What needs to be done. The expected output is the data below, character for character, without its pictures.

Exercise inputs.
⟨
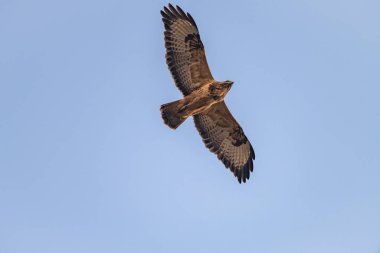 Buteo buteo kuşu mavi gökyüzünün altında uçuyor ve bulutlu gökyüzü ilkbaharda taze bir günde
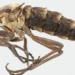 mystery of the fly that does not fly 129978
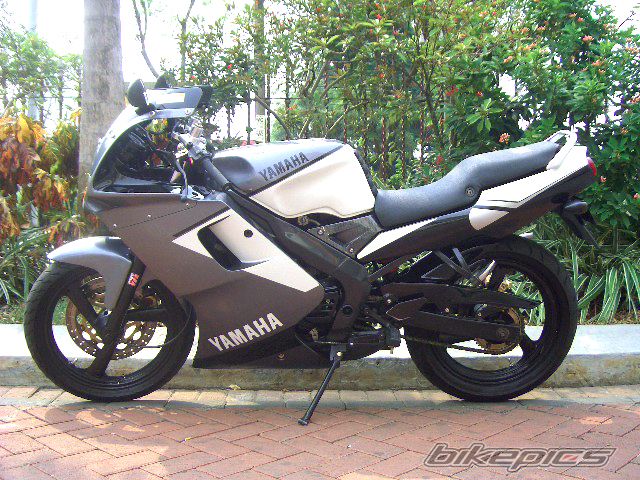 1998 YAMAHA TZM 150 | Picture 719624 motorcycle photo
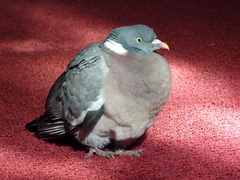 Columba palumbus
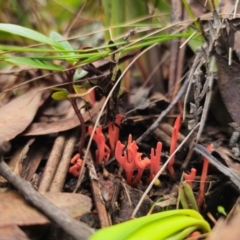 Clavulinopsis sulcata at QPRC LGA - 1 May 2024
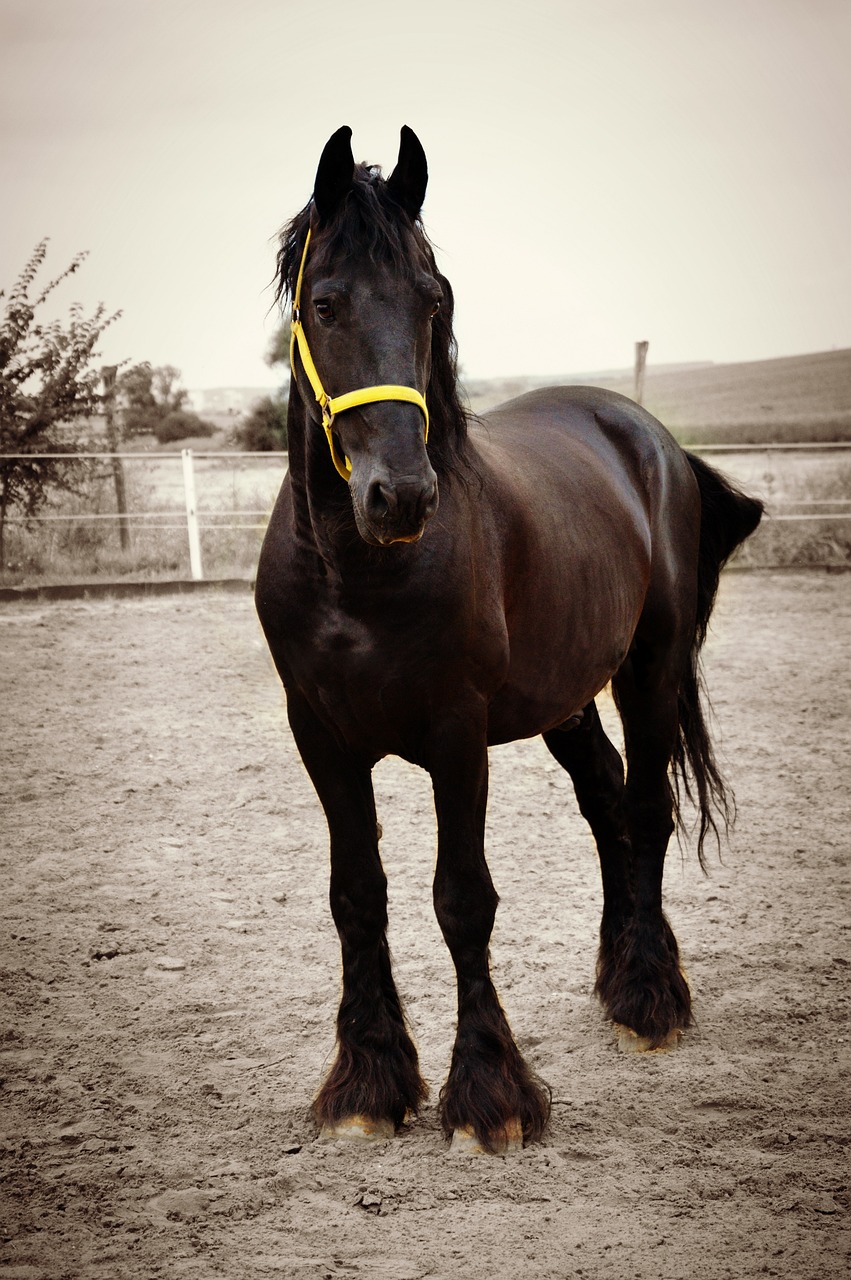 cavallo frisone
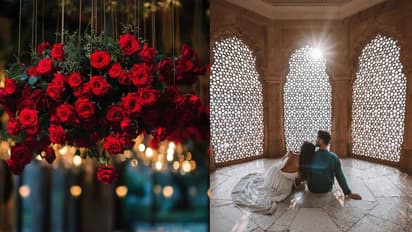 Rose Day 2025 5 Romantic Places for Outing With Your partner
⟩
Result of the exercise.
 Buteo buteo kuşu mavi gökyüzünün altında uçuyor ve bulutlu gökyüzü ilkbaharda taze bir günde
 mystery of the fly that does not fly 129978
 1998 YAMAHA TZM 150 | Picture 719624 motorcycle photo
 Columba palumbus
 Clavulinopsis sulcata at QPRC LGA - 1 May 2024
 cavallo frisone
 Rose Day 2025 5 Romantic Places for Outing With Your partner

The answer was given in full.